Understanding the Science of Music through Software Synthesis
Mark Dal Porto, Texas Women's University
To better understand the basics of electronic music today, the study of analog synthesis is extremely helpful. Analog synthesizers are unsurpassed in being able to demonstrate basic sound synthesis. By patching together various modules of an analog synthesizer using patch cords, one can effectively learn the basic rudiments of electronic music. Through visually seeing and hearing the manipulation of sounds in an analog synthesizer, one comes to learn and better understand the "mechanics" of how electronic music works.
However, how might one better understand the "science" of sound and music? In discussing this "science," I am referring to the study of the close interrelationship of music, physics, acoustics, psycho-acoustics, and mathematics. In discovering more about this interrelationship, I have found that the study and application of software sound synthesis is invaluable. The study of software sound synthesis to better understand the science of sound and music is comparable to studying analog synthesizers to acquire a more precise understanding of the basics of electronic music.
What, however, is software sound synthesis? How can it be used today to understand and aurally demonstrate basic physical laws that govern all music? In this article, I focus in on one specific program for software sound synthesis, Csound, and explore some general concepts about this particular branch of synthesis.

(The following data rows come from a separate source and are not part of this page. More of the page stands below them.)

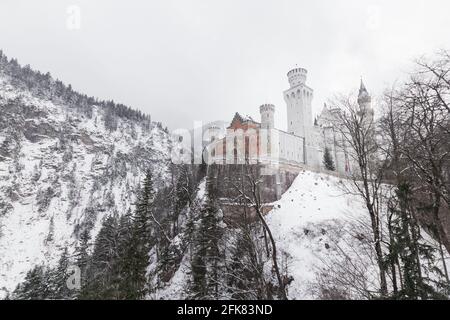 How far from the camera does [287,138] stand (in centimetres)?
5281

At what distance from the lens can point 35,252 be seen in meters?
108

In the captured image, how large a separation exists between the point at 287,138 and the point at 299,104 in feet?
32.2

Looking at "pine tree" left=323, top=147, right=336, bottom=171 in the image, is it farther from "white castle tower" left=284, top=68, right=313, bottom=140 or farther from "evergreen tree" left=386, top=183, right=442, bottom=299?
"evergreen tree" left=386, top=183, right=442, bottom=299

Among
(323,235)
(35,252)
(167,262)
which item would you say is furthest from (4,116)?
(323,235)

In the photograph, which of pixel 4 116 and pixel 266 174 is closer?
pixel 266 174

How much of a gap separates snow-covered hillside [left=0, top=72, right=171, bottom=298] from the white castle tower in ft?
303

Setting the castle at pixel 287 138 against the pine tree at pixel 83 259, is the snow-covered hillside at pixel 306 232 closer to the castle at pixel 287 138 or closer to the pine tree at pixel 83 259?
the castle at pixel 287 138

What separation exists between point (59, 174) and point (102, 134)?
164ft

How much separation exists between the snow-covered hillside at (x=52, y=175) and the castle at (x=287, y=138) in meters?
80.7

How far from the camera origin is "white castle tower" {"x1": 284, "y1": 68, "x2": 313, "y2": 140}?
57.6 metres

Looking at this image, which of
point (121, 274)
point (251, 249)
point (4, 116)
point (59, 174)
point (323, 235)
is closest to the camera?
point (251, 249)

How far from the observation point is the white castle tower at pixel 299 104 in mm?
57562

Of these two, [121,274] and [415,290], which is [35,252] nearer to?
[121,274] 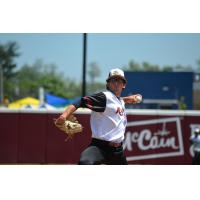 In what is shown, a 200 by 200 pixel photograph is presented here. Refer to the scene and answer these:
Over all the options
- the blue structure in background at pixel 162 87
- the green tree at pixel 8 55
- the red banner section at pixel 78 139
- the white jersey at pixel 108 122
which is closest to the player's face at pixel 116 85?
the white jersey at pixel 108 122

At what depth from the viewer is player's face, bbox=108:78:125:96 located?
7.79 metres

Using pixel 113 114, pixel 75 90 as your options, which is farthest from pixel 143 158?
pixel 75 90

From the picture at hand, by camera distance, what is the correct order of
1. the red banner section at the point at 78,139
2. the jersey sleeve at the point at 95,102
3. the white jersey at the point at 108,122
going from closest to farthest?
1. the jersey sleeve at the point at 95,102
2. the white jersey at the point at 108,122
3. the red banner section at the point at 78,139

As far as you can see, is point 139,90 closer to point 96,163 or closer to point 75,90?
point 96,163

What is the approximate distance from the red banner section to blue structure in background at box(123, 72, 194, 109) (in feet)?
34.9

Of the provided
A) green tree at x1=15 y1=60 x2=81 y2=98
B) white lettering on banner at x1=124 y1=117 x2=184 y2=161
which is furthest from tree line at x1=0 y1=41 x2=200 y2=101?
white lettering on banner at x1=124 y1=117 x2=184 y2=161

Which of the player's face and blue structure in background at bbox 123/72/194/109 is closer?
the player's face

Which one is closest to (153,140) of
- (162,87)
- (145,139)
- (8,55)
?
(145,139)

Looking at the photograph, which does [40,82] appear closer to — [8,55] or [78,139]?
[8,55]

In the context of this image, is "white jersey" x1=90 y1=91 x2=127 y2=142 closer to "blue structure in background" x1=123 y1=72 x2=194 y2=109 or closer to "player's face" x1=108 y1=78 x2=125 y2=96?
"player's face" x1=108 y1=78 x2=125 y2=96

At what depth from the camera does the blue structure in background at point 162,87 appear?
3378cm

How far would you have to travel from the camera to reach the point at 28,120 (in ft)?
74.5

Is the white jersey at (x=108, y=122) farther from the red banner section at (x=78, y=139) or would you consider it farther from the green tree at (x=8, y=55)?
the green tree at (x=8, y=55)

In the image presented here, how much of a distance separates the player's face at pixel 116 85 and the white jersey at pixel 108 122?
67 mm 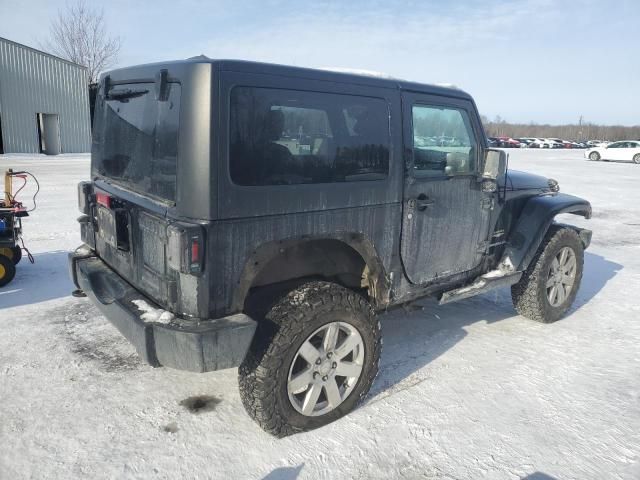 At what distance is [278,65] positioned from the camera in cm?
261

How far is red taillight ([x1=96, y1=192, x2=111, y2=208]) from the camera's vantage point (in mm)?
2998

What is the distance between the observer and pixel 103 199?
3.11 meters

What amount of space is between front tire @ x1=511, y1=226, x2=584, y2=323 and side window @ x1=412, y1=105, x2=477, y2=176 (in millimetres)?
1338

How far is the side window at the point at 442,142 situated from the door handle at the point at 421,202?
0.17 meters

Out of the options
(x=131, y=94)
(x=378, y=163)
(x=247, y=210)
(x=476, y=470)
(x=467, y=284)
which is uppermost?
(x=131, y=94)

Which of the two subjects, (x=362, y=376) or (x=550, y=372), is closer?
(x=362, y=376)

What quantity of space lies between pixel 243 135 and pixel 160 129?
0.49 meters

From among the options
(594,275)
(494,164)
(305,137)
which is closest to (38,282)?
(305,137)

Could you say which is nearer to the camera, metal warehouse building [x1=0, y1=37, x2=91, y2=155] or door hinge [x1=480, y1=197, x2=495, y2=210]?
door hinge [x1=480, y1=197, x2=495, y2=210]

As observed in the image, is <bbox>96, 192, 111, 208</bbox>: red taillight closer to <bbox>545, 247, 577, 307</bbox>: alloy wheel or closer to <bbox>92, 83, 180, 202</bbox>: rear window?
<bbox>92, 83, 180, 202</bbox>: rear window

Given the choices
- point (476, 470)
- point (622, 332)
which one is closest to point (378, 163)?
point (476, 470)

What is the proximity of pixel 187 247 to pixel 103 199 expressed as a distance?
3.67 ft

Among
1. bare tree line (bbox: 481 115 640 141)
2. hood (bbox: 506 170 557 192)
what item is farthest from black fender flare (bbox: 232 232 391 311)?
bare tree line (bbox: 481 115 640 141)

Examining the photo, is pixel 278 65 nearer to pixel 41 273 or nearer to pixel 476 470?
pixel 476 470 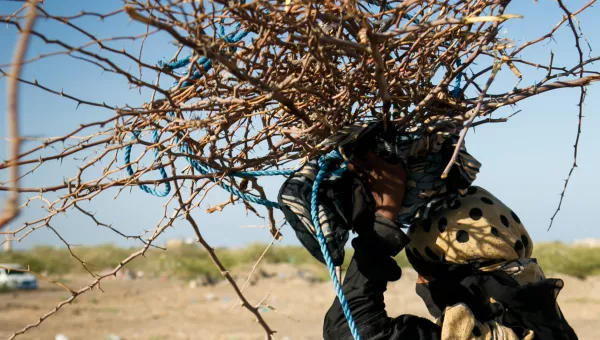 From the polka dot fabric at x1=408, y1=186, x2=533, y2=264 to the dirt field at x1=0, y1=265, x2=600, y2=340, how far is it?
182 inches

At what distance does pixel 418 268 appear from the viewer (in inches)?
76.1

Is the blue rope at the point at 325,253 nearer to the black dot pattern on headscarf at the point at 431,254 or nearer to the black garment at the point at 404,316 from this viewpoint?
the black garment at the point at 404,316

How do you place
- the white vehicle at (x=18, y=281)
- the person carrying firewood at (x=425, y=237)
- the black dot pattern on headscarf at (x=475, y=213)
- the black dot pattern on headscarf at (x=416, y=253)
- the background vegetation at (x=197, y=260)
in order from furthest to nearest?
the background vegetation at (x=197, y=260), the white vehicle at (x=18, y=281), the black dot pattern on headscarf at (x=416, y=253), the black dot pattern on headscarf at (x=475, y=213), the person carrying firewood at (x=425, y=237)

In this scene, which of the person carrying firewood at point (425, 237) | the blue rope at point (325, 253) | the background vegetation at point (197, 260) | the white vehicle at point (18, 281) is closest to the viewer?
the blue rope at point (325, 253)

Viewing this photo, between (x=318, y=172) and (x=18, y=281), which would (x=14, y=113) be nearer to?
(x=318, y=172)

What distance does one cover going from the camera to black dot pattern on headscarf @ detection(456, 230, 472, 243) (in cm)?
172

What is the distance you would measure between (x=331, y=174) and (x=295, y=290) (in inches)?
462

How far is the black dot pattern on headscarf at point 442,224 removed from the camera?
1764 millimetres

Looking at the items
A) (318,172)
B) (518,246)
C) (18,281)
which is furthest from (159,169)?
(18,281)

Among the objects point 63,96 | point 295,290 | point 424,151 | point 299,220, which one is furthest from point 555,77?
point 295,290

What Software Sound Synthesis Is
Software sound synthesis is a programming language designed to synthesize or create sound. It gives you all of today's digital synthesis and signal processing techniques and allows you to use them in any combination. It provides you with an unlimited number of individually controllable voices and is, in essence, the equivalent of hundreds of MIDI synthesizers. These software programs provide a means to design digital instruments using sound-producing and processing modules called "unit generators." These "unit generators" include oscillators, reverbs, delay lines, filters, and MIDI controllers. Instruments are created by "patching" together a series of these generators and assigning them whatever values are desired. The user is given the ability to manipulate these instruments with extreme precision. An accompanying musical score is written by the user in the form of a "note" or "event list," which specifies when and what notes each instrument is to play. When the instruments "play" the score, the program generates a series of discrete numbers which constitutes a digital representation of the sound (i.e., the samples), which it stores in "soundfiles." These soundfiles can then be sent to a digital-to-analog converter for playback. This converter transforms the digital sequence of numbers into corresponding analog voltages so that loudspeakers can playback the soundfile.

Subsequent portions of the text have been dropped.